Maybe that’s what makes me wistful about this show. Somebody Somewhere is gentle without being coddling (a B-plot is about a cruel alcoholic, remember?) and sweet without feeling saccharine. (You heard how many times they said “cunt,” right?) It may work at a small scale but it’s so bighearted, its bright moments shine all the more. I’m just thankful we get to bask in its warmth week in and week out.

Stray observations

  • Kudos to Somebody Somewhere (and Sam) for calling out Tricia’s sound on text tones. I know on TV it’s de rigueur to keep such sounds on to make sure we understand people are, I don’t know, texting or typing or answering calls, but as someone whose cell phone hasn’t made a mere beep in more than a decade, it was lovely to see it being called out as a rude (if TV-friendly) practice. No one needs to hear you type, Tricia!
  • “Live Laugh Cunt” may be my favorite of Sam’s “Lying Cunt” spinoff ideas (with “New Cunt, Who Dis?” a close second).
  • Speaking of… every time we get glimpses of the Bridget Everett-NYC cabaret sensation (anyone remember her “BFP” banter at The Public?), I get very excited. Mostly because she exists as a kind of shadow version of Sam, someone Sam could still yet be but perhaps never has to become.
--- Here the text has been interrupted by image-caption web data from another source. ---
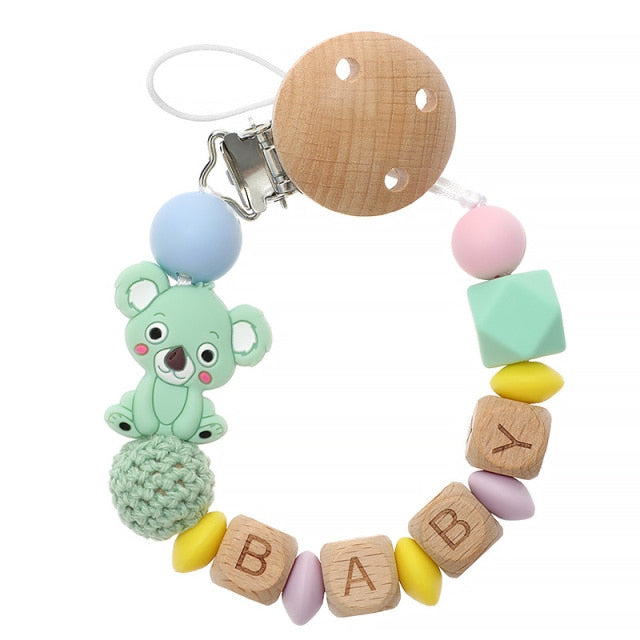 TYRY.HU Personalized Name HandmadeSilicone Chews Nurse Gift Toys Koala Teething Necklace pacifier clip with name DIY BABY custom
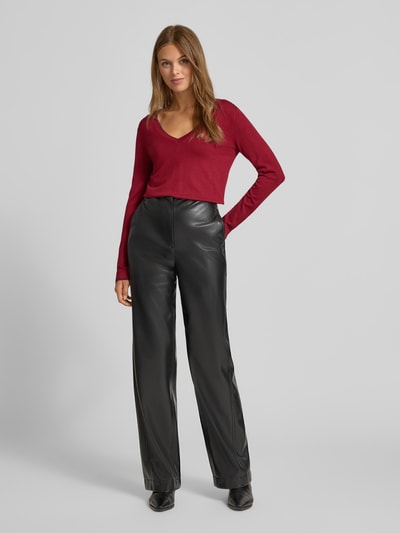 Liu Jo White Pullover mit V-Ausschnitt und Effektgarn Bordeaux 1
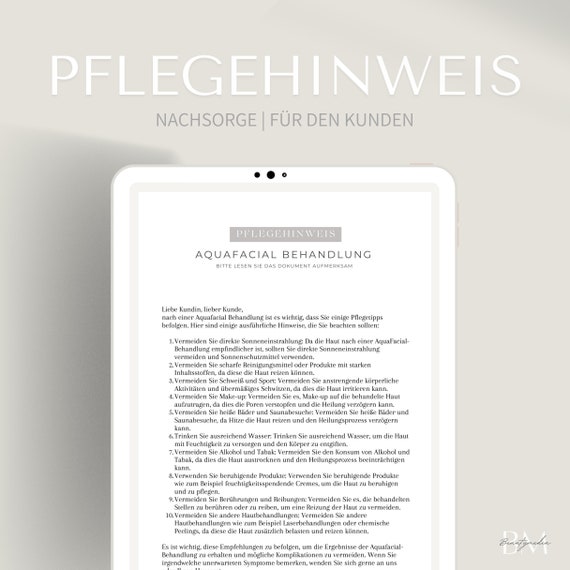 Pflegehinweis für Aquafacial Behandlung im PDF & Canva Format | Anleitung nach einer Tiefenreinigung | Nachsorge zur Hautreinigung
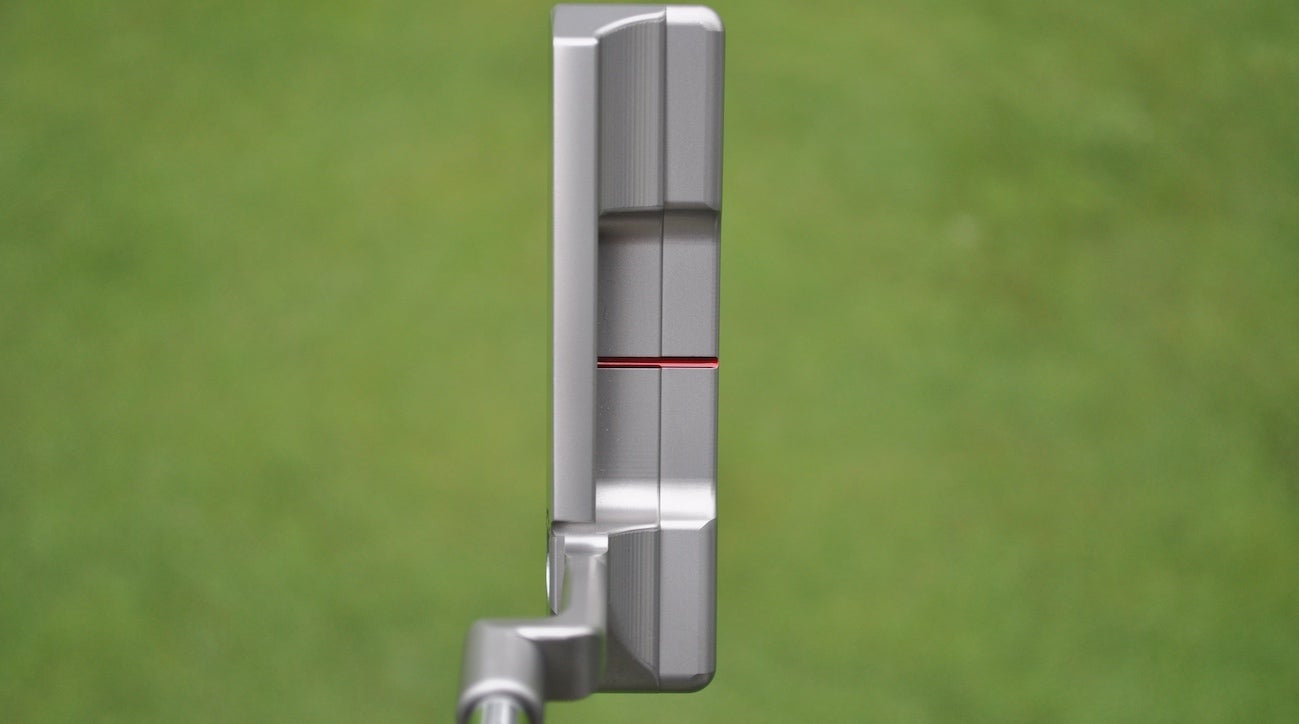 A look at the putter from the address position.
Still, the intermittent raunchiness we sometimes see in Sam is classic Everett, and we’re all the better for it whenever it gets captured on camera.
  • Joel truly is out of this world: WHO SURVIVES OUT IN THE WORLD WITHOUT THEIR PHONE FOR AN ENTIRE DAY!?
  • I agree with Sam on a lot of things but “most everything is better than children laughing” has to be a top-tier opinion I unabashedly agree with.
  • Tinis and donuts sounds like the perfect evening now doesn’t it?
  • I’ve never been to Kansas but “God this is a boring state…there’s nothing to look at” as images of plain fields whizzed by made me grin stupidly.

7 Comments

  • largeandincharge-av says:

    The set design in the show is just so amazing. I’m not a huge TV watcher, but I can’t think of anything else that ‘gets’ America in 2023, just on aesthetics alone.

  • mykinjaa-av says:

    Finally a show that shows what real Americans look like. Tired of all the airbrushed beauty and manicured aesthetics. Let’s get real.

  • moswald74-av says:

    I have found my people! I also agree that most everything is better than the sound of children laughing. Did Joel actually forget his phone? I thought he just told Sam that. Didn’t he use his phone as an excuse for running into St. Louis sushi dude at church?

    • amhar-av says:

      I had the same thought, but I think he just said that. Thinking back you never see him with his phone.

  • jbyrdku-av says:

    Lived there most of my life. This: Kansas but “God this is a boring state…there’s nothing to look at, as images of plain fields whizzed”, is 1000% accurate.

  • sotzume-av says:

    I haven’t fallen in love with a television show for a long time but this was has me enthalled.  The casting is superb, and the show’s ability to show a slice of real American life, with its quiet dramas, is wonderful. 

  • radlaw-av says:

    Can anyone remind me where Sam’s dad is? Why is he away, and where at?